Walk into any beauty aisle in Dhaka — or scroll through TikTok for ten minutes — and you will hear the same advice repeated a hundred times:
use this serum, try this toner, layer these three creams
. Almost none of it tells you the one thing that decides whether any of those products will actually help you. Before you buy a single new product, you need to know
how to identify your skin type
— because the same niacinamide serum that transforms an oily forehead can leave dry cheeks tight and flaky, and the same rich cream that saves dry skin in December can trigger a wave of breakouts in July.
This guide walks you through a complete, dermatologist-informed skin type test you can do at home in under thirty minutes, with nothing but a clean face, a mirror, and a small piece of tissue paper. You will learn the five recognized skin types, the simple signs that distinguish oily, dry, combination, normal and sensitive skin, and how Bangladesh's climate quietly changes the answer across seasons. By the end, you will know exactly which Labisha products are worth your money — and which ones to skip.
The 5 Skin Types, Briefly Defined
Modern dermatology recognizes four primary skin types, with sensitivity treated as a fifth layer that can overlap any of them. Understanding these definitions makes the at-home skin type test much faster and more accurate.

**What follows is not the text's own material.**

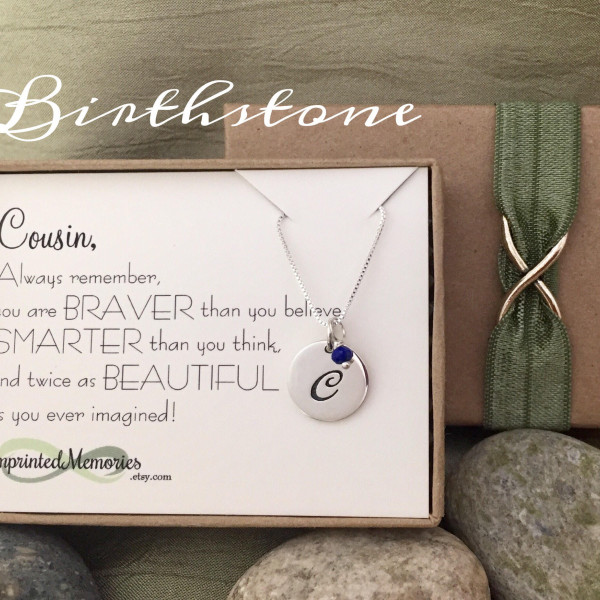 Personalized Gift for Cousin gift - Birthday Gift for Cousin - Sterling Silver Birthstone - Inspirational necklace for niece Graduation gift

Oily skin produces excess sebum across the entire face. It tends to look shiny within a few hours of cleansing, feels slick to the touch, and is the type most prone to enlarged pores, blackheads and breakouts. According to a 2017 review in the Journal of Clinical and Aesthetic Dermatology, sebum production is partly genetic and partly hormonal — which is why oily skin often runs in families and tends to peak in the teens and twenties.
Dry skin produces too little sebum and often too little of the lipids that hold water inside the skin. It feels tight after washing, can look dull or papery in winter, and is more likely to show fine lines early. Dry skin and dehydrated skin are not the same thing — dehydration is a temporary lack of water that any skin type can experience, while dry skin is a long-term sebum and lipid deficit.
Combination skin is the most common skin type worldwide, and almost universal in humid climates like Bangladesh's. The forehead, nose and chin (the T-zone) are oily, while the cheeks and jawline are normal or even slightly dry. This split is real, not imagined — sebaceous gland density is genuinely higher in the T-zone.
Normal skin is balanced: not visibly oily, not tight, not reactive, with small pores and an even tone. It is the rarest adult skin type and the easiest to care for.
Sensitive skin is a reactivity pattern rather than a hydration profile. It stings or burns from active ingredients, flushes easily, and is more prone to redness, itching and visible irritation. Sensitivity can overlap any of the other four types, which is why a person can be "oily and sensitive" or "dry and sensitive" at the same time.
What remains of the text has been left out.